Seven children, all members of a Syrian family who arrived in Canada about two years ago, died in an early morning house fire Tuesday in Halifax, the worst fire toll in recent memory in Nova Scotia. Some other deadly Canadian fires:

— January 2018: Four children died in a house fire in Pubnico Head, N.S. The fast-moving fire was ignited by heat coming from a wood stove.

— April 2017: An 80-year-old woman and her three adult sons died in a house fire in St. George, N.B.

— February 2017: A house fire killed a 19-year-old woman and her parents in Brampton, Ont.

— December 2016: A Christmas Eve cottage fire killed a Toronto family of four on Stoney Lake in Douro-Dummer Township near Peterborough, Ont.

— December 2016: Four boys between the ages of three months and seven years old died alongside their father in a house fire on the Oneida Nation of the Thames First Nation near London, Ont.

— March 2016: Three generations of a single family died in March 2016 when a fire decimated a home on the Pikangikum First Nation. The nine victims included a months-old infant.

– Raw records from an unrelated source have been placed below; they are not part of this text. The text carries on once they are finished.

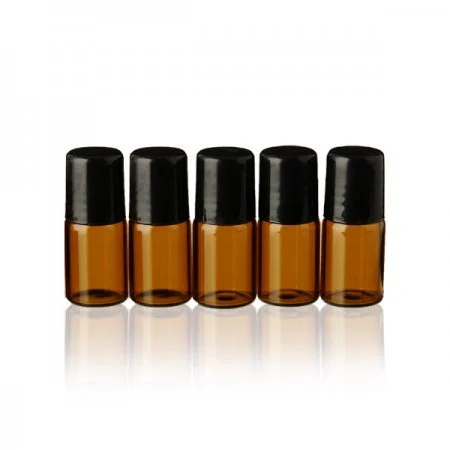 ロールオンボトル ［ブラウン・ブルー］【ブラックキャップ】（1ml、2ml）(2ml/ブラウン【5本セット】)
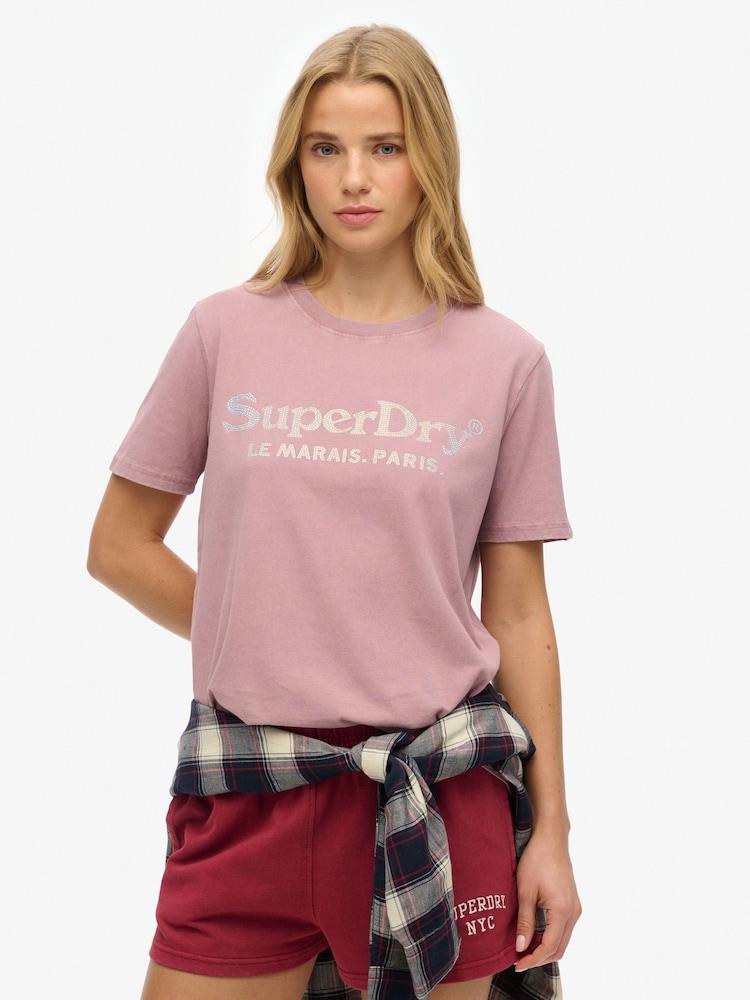 Superdry Purple Venue Metallic Relaxed 100% Cotton T-Shirt - Image 1 of 6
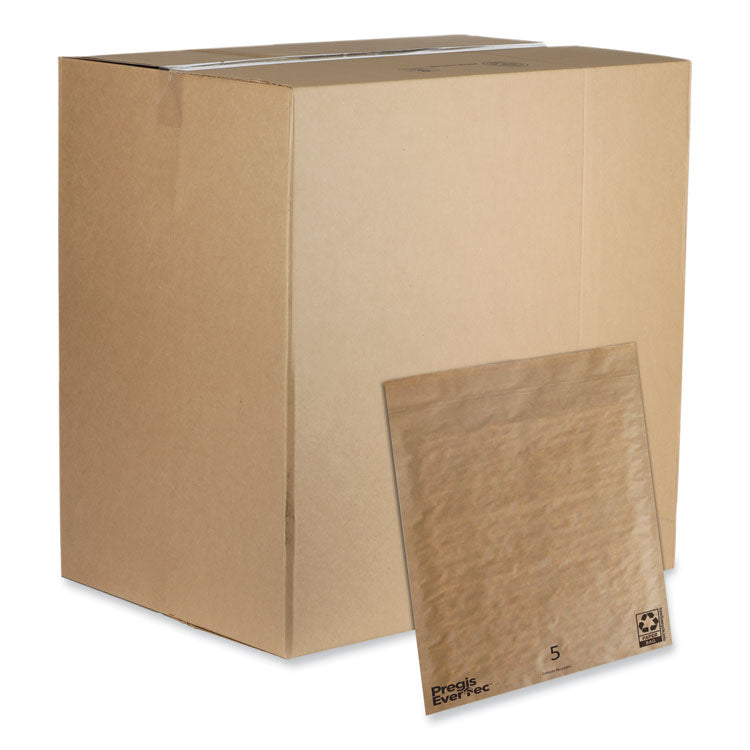 Pregis - EverTec Curbside Recyclable Padded Mailer, #5, Kraft Paper, Self-Adhesive Closure, 12 x 15, Brown, 100/Carton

— February 2015: Four brothers died in a house fire southeast of Kane, Man. Their mother escaped with three of their siblings, but the boys were sleeping on the second floor of a two-storey farmhouse and could not get out.

— March 2014: Three teenagers died in a fire in an empty building in Charlottetown, P.E.I.

— January 2014: A fire at the Residence du Havre nursing home in L’Isle-Verte, Que., killed 32 people.

— March 2011: A grandfather and his two grandchildren died in a fire in God’s Lake Narrows, Man.

— June 2009: A retirement home blaze in Orillia, Ont., killed four people.

— August 1980: Twenty-one people died in a nursing home fire in Mississauga, Ont.

— December 1976: Twenty-two people died in a nursing home fire in Goulds, N.L.

— 1969: A nursing home fire in Notre-Dame-du-Lac, Que., claimed 54 lives.